June 25, 2018

Remembering New Narrative

JEB (Joan E. Biren), Gabrielle Union and Merle Woo, SF Pride, 1980. © 2018 JEB (Joan E. Biren).

JEB (Joan E. Biren), Gabrielle Daniels and Merle Woo, SF Pride, 1980. © 2018 JEB (Joan E. Biren).

(I’m an outrider, I’m a fellow traveler, and I am very nervous. I put down these things around four o’clock this morning, so you will have to forgive me if I am jumping around a lot. This is what I have.)

I think that it was Zora Neale Hurston who wrote that women tend to recall the things that are important to them, and to forget the things that aren’t. Like discerning what is treasure and what isn’t.

When I was a little girl, I declared that I wanted to remember everything. I was an autodidact who picked up books and read them at four. And someone — a teacher or a family member — said that I had a real facility for remembering important dates and names and incidents from history, which remains one of my first loves. These days, I find — and am disappointed by the fact — that there is much I don’t remember.

Nowadays, Wikipedia or the web jogs my memory, helps me to recall things. Or documentaries, or even music about a certain time or place. How old I was, who I was in love with. All that is left are feelings, not necessarily what happened and who did it. Not specific days, or seasons, months of the year, or even particular years. Just how I felt. I hope that some of you today can help with that.

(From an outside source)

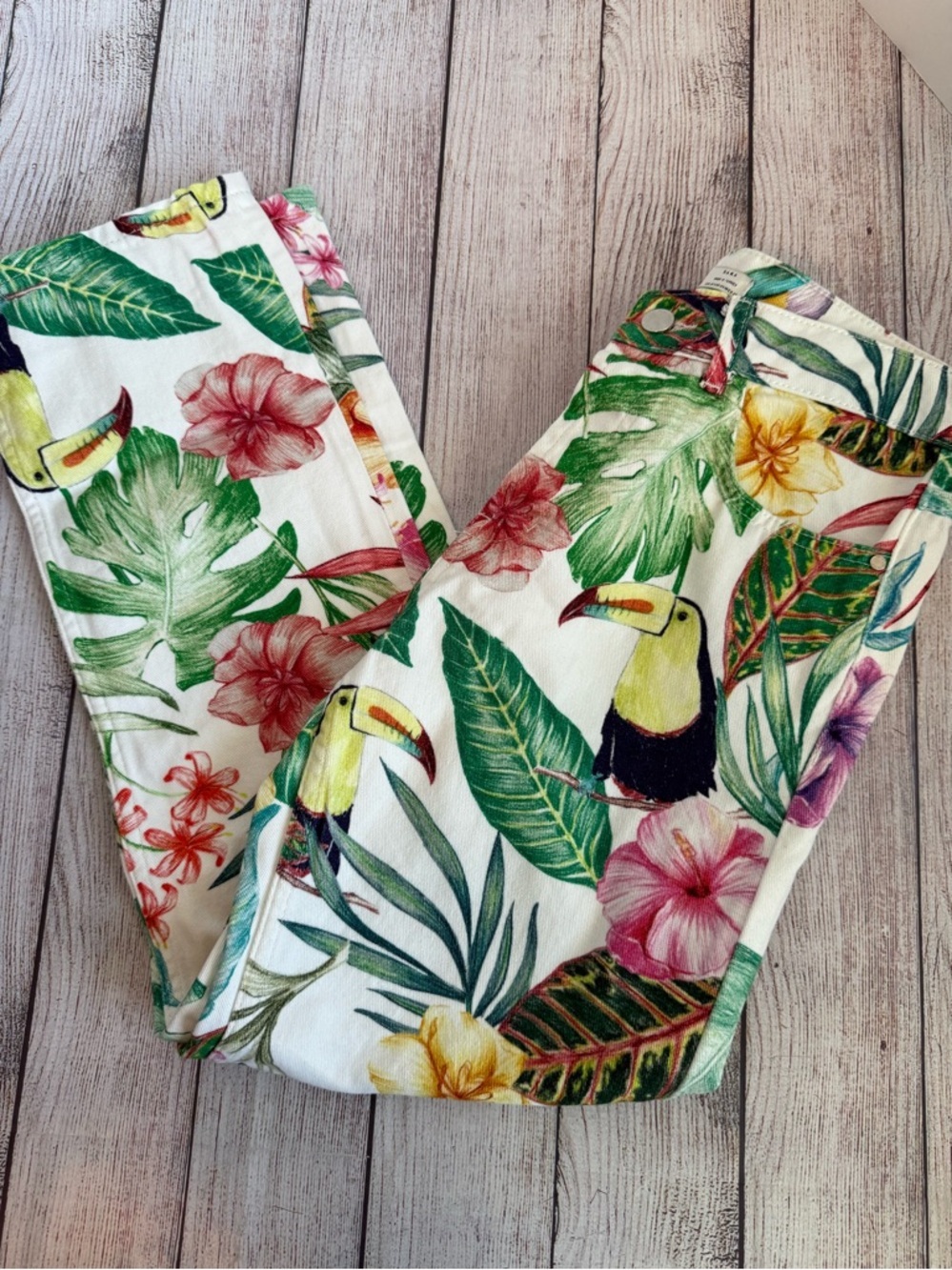 ZARA TRF Tropical Print High Rise Toucan Floral Jeans 4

I would like to evoke a time when there were more independent bookstores in San Francisco. When you really didn’t have to have written a book to read your poetry or prose at a store. And people went to poetry readings guided by word of mouth or by Poetry Flash. That’s how I found Small Press Traffic. I was twenty-three. I liked that a bookstore was situated in what could be someone’s parlor. And I looked around, touched and explored. Of course, I had no idea what might be happening in the rest of the flat. I think that I bought a book by H.D. there, and something else. I’d like to think that it was Bob giving change, but I can’t recall for sure.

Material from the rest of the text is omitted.